*What is needed*. Lines from the one containing "Valkoiset slip-on urheilulenkkarit valkoinen" through the final line of the records are the only ones to copy, and each must match exactly.

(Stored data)
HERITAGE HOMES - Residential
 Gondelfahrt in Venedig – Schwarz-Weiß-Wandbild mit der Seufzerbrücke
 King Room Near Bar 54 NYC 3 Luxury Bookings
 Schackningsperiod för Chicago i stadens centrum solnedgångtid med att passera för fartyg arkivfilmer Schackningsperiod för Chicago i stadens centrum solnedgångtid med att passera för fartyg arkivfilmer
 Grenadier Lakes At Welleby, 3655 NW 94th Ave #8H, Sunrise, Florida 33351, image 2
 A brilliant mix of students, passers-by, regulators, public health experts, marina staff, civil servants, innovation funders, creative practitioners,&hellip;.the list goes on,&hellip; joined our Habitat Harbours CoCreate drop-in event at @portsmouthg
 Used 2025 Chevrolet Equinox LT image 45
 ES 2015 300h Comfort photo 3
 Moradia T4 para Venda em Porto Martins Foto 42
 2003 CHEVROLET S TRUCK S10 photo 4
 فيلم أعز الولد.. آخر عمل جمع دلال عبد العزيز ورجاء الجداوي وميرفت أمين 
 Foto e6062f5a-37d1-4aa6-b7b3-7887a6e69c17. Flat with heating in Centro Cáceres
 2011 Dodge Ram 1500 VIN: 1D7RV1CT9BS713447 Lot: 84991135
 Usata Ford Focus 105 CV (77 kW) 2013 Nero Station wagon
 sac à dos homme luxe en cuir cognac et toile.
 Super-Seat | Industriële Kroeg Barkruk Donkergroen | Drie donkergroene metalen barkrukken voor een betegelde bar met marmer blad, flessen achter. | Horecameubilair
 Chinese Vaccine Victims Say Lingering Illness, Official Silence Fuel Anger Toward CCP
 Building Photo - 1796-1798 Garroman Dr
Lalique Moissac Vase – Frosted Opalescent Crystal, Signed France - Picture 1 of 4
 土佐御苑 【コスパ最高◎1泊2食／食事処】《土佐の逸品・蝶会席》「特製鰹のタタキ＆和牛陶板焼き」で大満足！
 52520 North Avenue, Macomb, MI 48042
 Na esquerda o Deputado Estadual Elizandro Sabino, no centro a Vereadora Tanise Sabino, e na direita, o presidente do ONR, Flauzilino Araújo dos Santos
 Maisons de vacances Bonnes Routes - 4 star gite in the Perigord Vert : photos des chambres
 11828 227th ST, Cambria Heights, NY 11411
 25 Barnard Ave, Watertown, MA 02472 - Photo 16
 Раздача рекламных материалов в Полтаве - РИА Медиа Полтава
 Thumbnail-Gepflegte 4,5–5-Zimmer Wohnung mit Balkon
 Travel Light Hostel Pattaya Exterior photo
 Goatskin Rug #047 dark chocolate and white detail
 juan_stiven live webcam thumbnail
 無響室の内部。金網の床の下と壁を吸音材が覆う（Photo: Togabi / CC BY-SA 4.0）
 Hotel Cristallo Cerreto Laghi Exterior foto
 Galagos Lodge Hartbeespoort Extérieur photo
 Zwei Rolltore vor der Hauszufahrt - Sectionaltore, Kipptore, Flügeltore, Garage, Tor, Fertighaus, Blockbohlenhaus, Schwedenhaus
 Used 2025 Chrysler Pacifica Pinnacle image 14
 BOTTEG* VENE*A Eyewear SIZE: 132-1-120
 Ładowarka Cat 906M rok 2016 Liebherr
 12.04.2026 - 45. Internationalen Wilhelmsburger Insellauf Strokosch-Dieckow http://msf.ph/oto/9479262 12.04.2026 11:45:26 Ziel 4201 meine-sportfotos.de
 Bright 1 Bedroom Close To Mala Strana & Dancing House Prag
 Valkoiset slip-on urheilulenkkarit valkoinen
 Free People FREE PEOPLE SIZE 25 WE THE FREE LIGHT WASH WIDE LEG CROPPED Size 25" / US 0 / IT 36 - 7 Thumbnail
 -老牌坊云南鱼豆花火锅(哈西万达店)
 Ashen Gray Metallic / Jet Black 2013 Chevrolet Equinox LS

*Response below*.
 Valkoiset slip-on urheilulenkkarit valkoinen
 Free People FREE PEOPLE SIZE 25 WE THE FREE LIGHT WASH WIDE LEG CROPPED Size 25" / US 0 / IT 36 - 7 Thumbnail
 -老牌坊云南鱼豆花火锅(哈西万达店)
 Ashen Gray Metallic / Jet Black 2013 Chevrolet Equinox LS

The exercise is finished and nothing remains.